The elements of the persona swap film are prevalent throughout Hedwig and the Angry Inch, with its fixation not only on Hedwig and Tommy but also on the relationship between Hedwig and backup singer Yitzhak (Miriam Shor, in a deeply affecting performance). Though the stage show that the film is based on strips down these layers to focus on Hedwig as a performer, Mitchell’s film is more interested in the way that every human is performing in their day-to-day life. We begin by emulating what we can see that has a distinct impact on us; Yitzhak dreams of being Hedwig, Tommy dreams of being Hedwig, and while Hedwig dresses up as “Farrah Fawcett from TV,” Hedwig dreams of being Tommy. I’ve dreamt of being any number of women, from Gentlemen Prefer Blondes’ Lorelei Lee to Basic Instinct’s Catherine Tramell, but the reality is I’m more of a cross between Diane Keaton and Divine. The more striking characters I discover, the more I internalize different aspects of each one to shape myself as a person. These personalities seep into my writing (and my films), just as it is an essential part of how Hedwig navigates her own art. Different pieces of Hedwig come out in her music—whether soft (“Wicked Little Town”) or harsh (“Angry Inch”), playful (“Sugar Daddy”) or solemn (“Midnight Radio”), each one as introspective as the last. Hedwig isn’t one product or person. Maybe being trans isn’t the key to Hedwig. Maybe transition itself is. And transition is something that I find myself thinking about frequently, not just in regards to my own experiences with hormones and gender but in the way that my own views are constantly changing.

In Hedwig, transition is less about gender and more about how these myriad identities are all part of a whole. The film reminds me that each discovery in our lives allows us to transition to the next stage, to again and again reshape our engagement with everything from gender to art. If ten years ago I could barely consider what existed beneath the text itself, writing standard reviews that touched upon themes without truly engaging with them, what can I make of the person I have become today? Inane declarations I’ve made in the past make me look back with embarrassment, just as films I once loathed have revealed themselves as personal favorites. (Rob Zombie’s The Lords of Salem, a film about how exhausting it is to reckon with one’s inescapable history, is one such work and was at one point going to be the basis for this semi-personal confrontation with myself, analyzing why I was fixated on snark instead of engaging with a work of art on its own terms.)
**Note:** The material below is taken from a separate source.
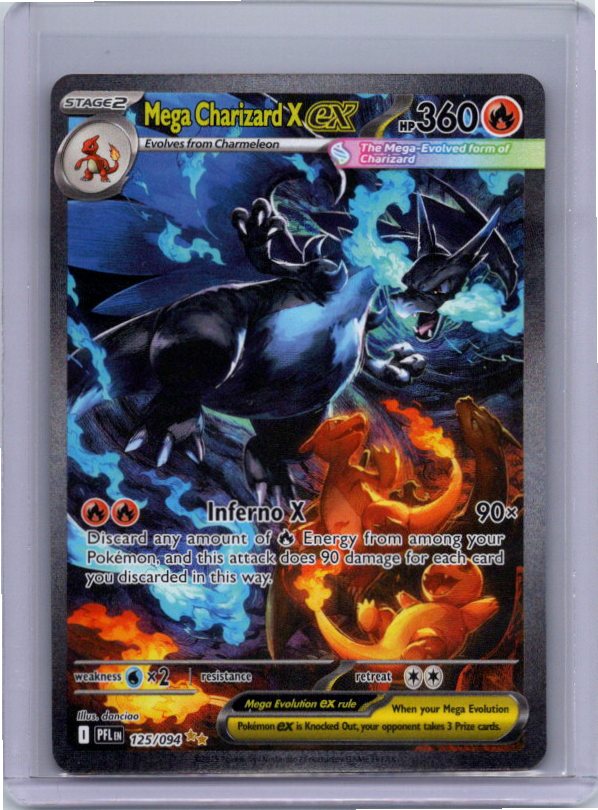 Mega Charizard X ex (125/094) (PFL)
I am as much the twenty-something who wants nothing more than to see themselves represented on screen as I am the thirty-something who knows that to be represented means seeing the best and worst parts of yourself at once. Seriously engaging with cinema is about knowing that you can find yourself in any character, whether the deviously glamorous gals of Gentlemen Prefer Blondes or any of Divine’s beautifully monstrous women (but especially Female Trouble’s Dawn Davenport). It’s about aspiring to have the confident physicality of bisexual murderess Catherine Tramell as much as we want to stop existing in our body, in this world, like Carol in Safe. These are all wigs of a sort, just as each sentence I write is itself a kind of makeup that hides any perceived ineptitude. They are all part of me.
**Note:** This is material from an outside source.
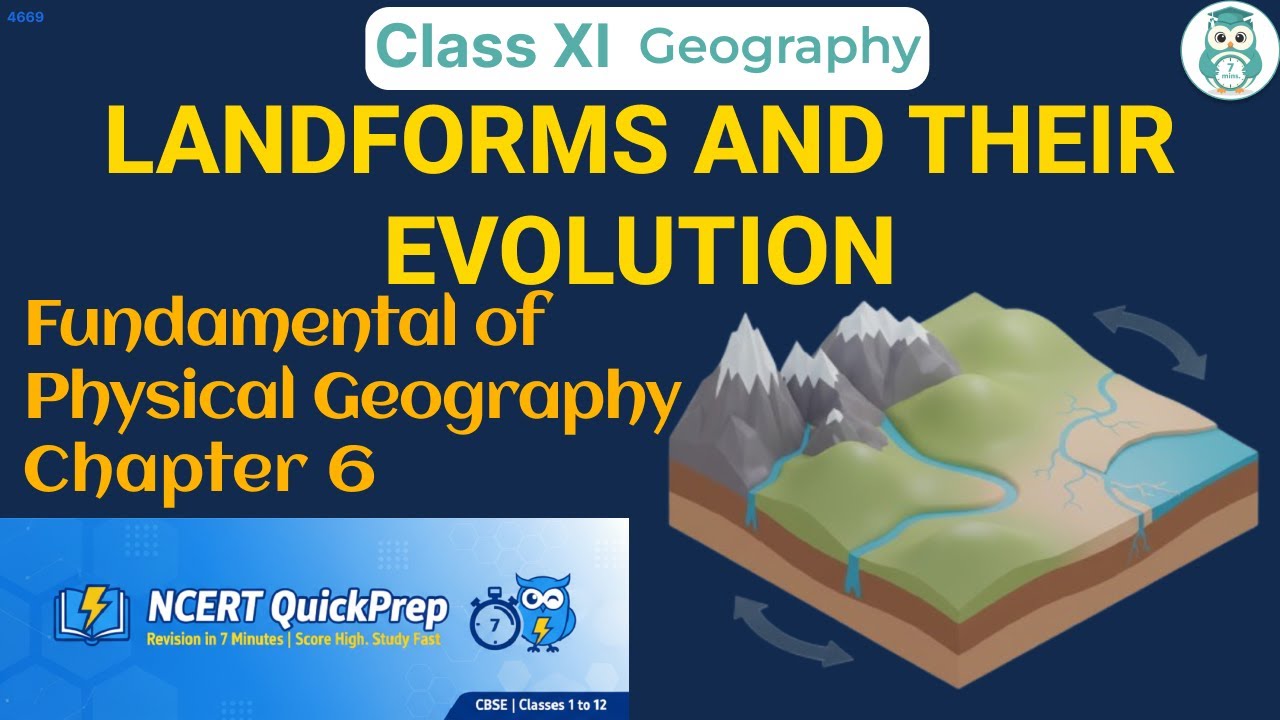 LANDFORMS AND THEIR EVOLUTION | Class XI | Geography | NCERT - YouTube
In “Wig in a Box,” Hedwig may sing that she turns back to herself as soon as she wakes up, but her dreams are part of her waking reality. I once referred to film and character alike as “an over-the-top mess,” but never took the time to reflect on why that “mess” was a feature, not a bug. To be queer is to be a mess, to be strange, to be an oddity in the face of normalcy, to be the abject in a populace that seeks exaltation. Every perfectly manicured personality is a piece of her. If “The Origin of Love” posits that each of us is two individuals, I challenge that by suggesting that maybe our identities are a lot more like some grotesque mound of flesh out of a Clive Barker novel: each person, or piece of art, or life experience we ingest becomes an indispensable part of us, for better or worse. It may look like a mess, but it sure is a lot more fun. Hedwig is so much more complicated than the “scarred person” I once dismissed her as; she deserves more than the simple labels prescribed to her.